Make an exact copy of the lines from the one holding "기흉 초기증상 원인 폐 기흉 치료 예방방법 이미지" through the end of the entries below, both ends kept, and of nothing else. Exclude pictures.

+ + + +

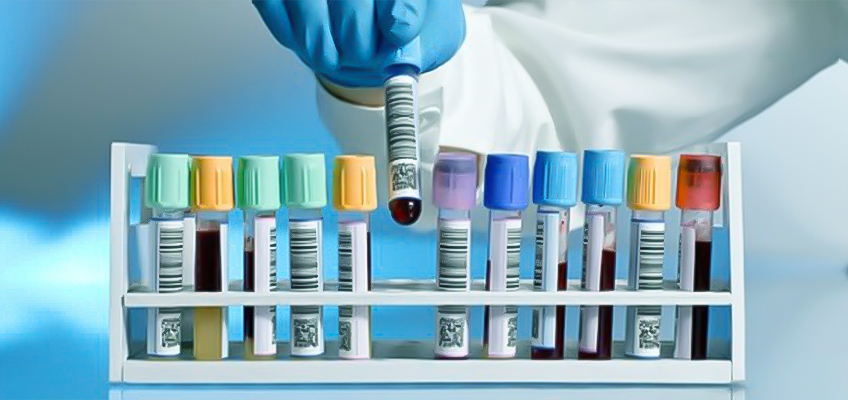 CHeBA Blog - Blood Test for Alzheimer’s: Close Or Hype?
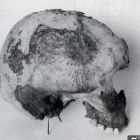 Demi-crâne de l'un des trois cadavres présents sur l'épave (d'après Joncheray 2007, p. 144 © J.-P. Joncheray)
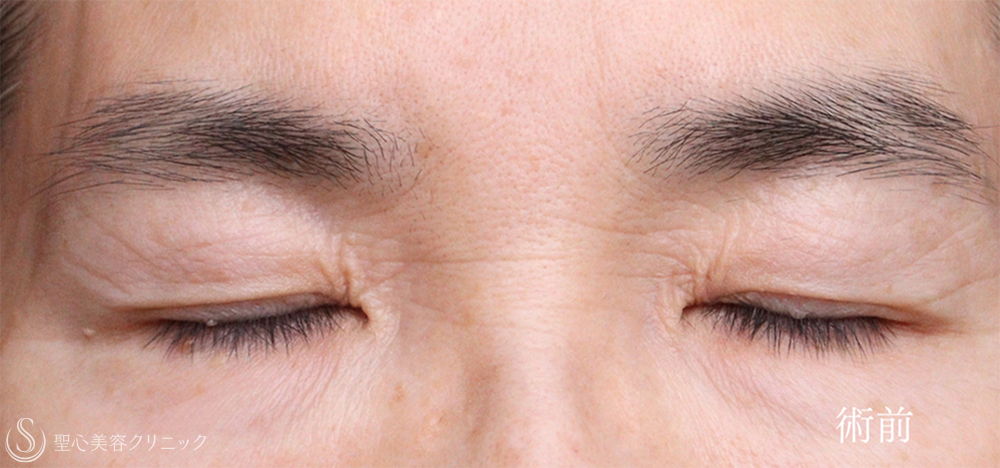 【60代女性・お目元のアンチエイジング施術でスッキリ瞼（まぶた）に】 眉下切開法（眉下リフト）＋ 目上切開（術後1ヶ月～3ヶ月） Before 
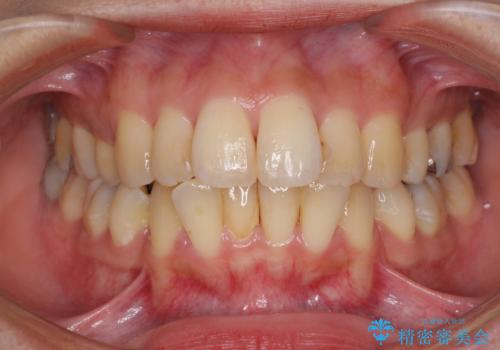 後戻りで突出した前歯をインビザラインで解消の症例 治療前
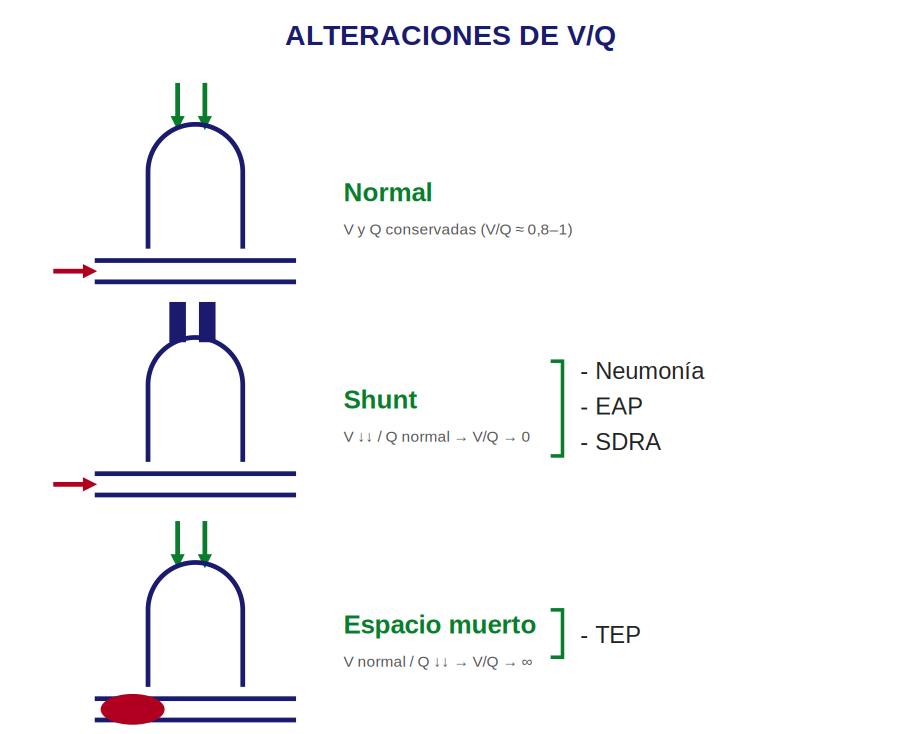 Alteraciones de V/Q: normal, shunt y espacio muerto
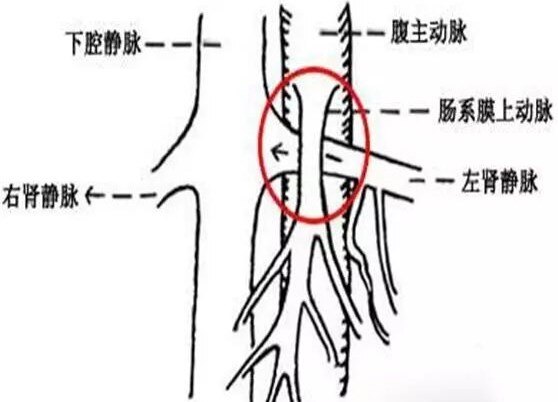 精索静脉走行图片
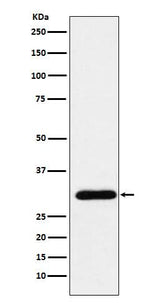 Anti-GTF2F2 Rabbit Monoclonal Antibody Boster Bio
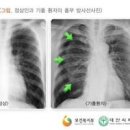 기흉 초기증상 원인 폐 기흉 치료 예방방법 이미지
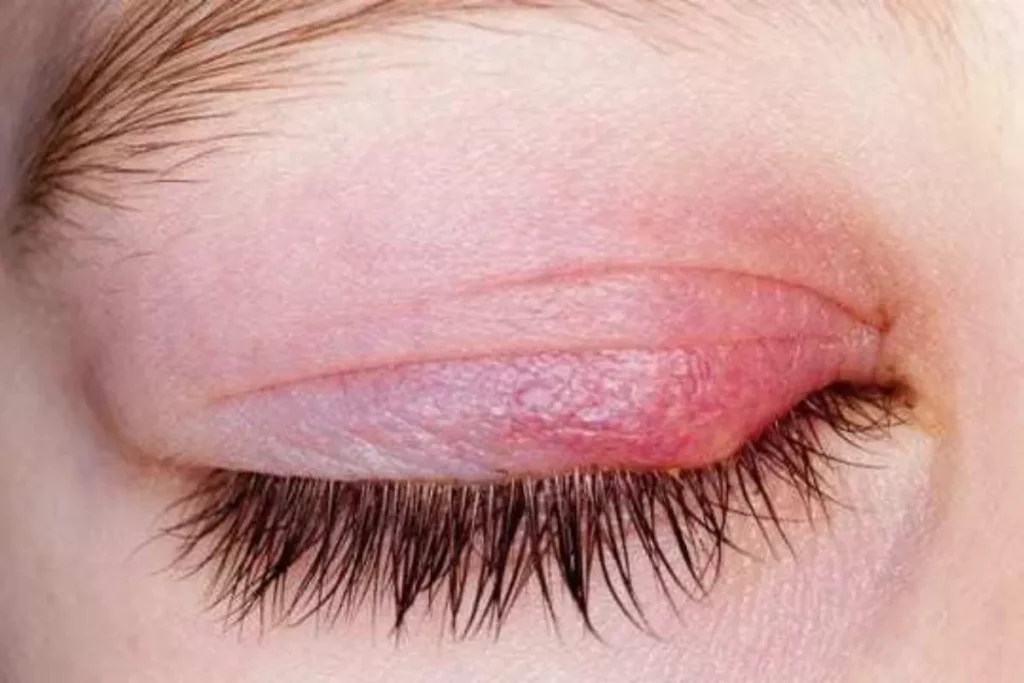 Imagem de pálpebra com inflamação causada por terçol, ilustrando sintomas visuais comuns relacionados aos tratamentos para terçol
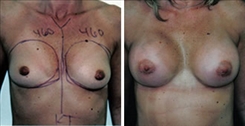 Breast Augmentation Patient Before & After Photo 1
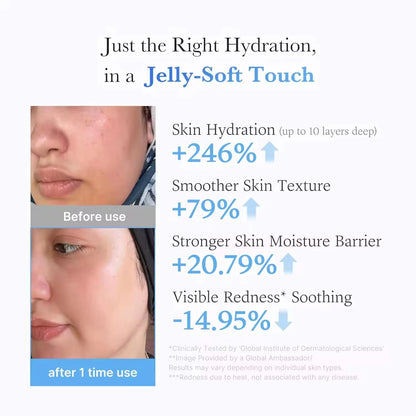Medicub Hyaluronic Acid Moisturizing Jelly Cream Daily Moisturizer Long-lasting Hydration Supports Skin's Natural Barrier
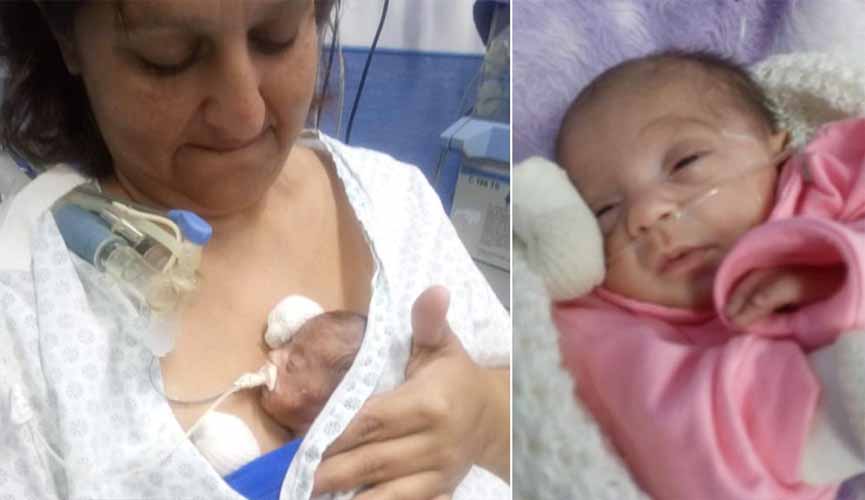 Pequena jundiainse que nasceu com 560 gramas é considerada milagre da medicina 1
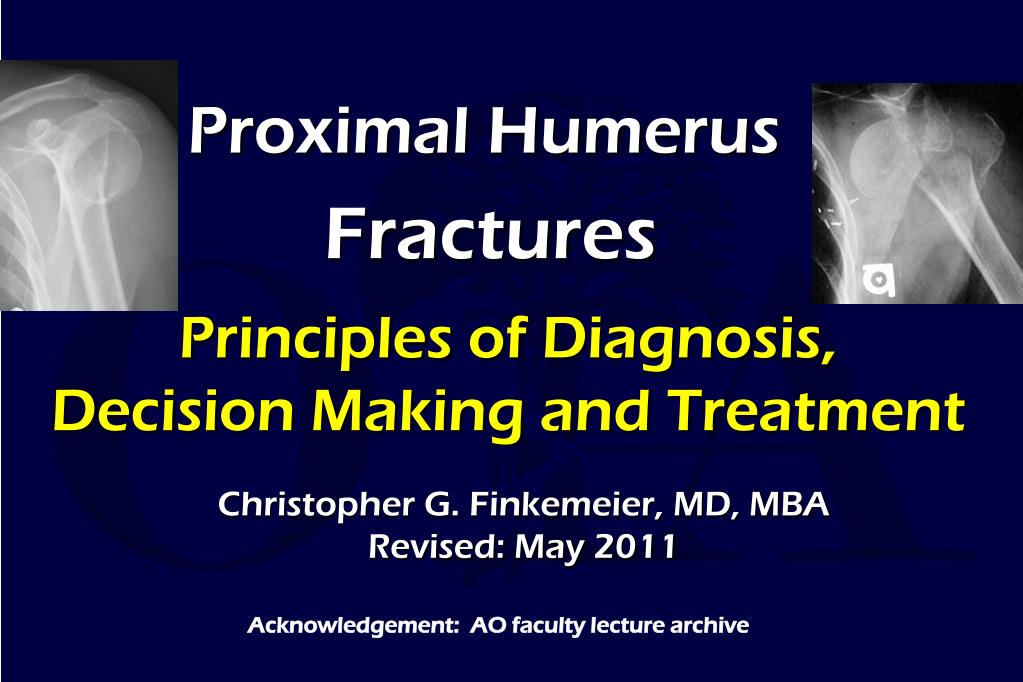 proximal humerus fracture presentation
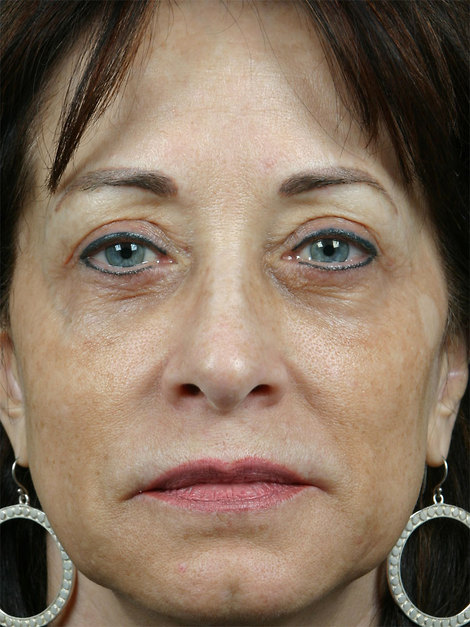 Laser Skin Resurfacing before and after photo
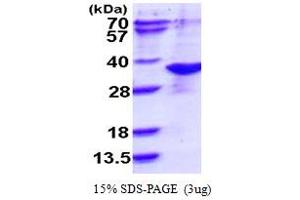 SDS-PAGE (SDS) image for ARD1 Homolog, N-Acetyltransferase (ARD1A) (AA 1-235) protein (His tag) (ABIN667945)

+ + + +

Written solution:
 기흉 초기증상 원인 폐 기흉 치료 예방방법 이미지
 Imagem de pálpebra com inflamação causada por terçol, ilustrando sintomas visuais comuns relacionados aos tratamentos para terçol
 Breast Augmentation Patient Before & After Photo 1
Medicub Hyaluronic Acid Moisturizing Jelly Cream Daily Moisturizer Long-lasting Hydration Supports Skin's Natural Barrier
 Pequena jundiainse que nasceu com 560 gramas é considerada milagre da medicina 1
 proximal humerus fracture presentation
 Laser Skin Resurfacing before and after photo
 SDS-PAGE (SDS) image for ARD1 Homolog, N-Acetyltransferase (ARD1A) (AA 1-235) protein (His tag) (ABIN667945)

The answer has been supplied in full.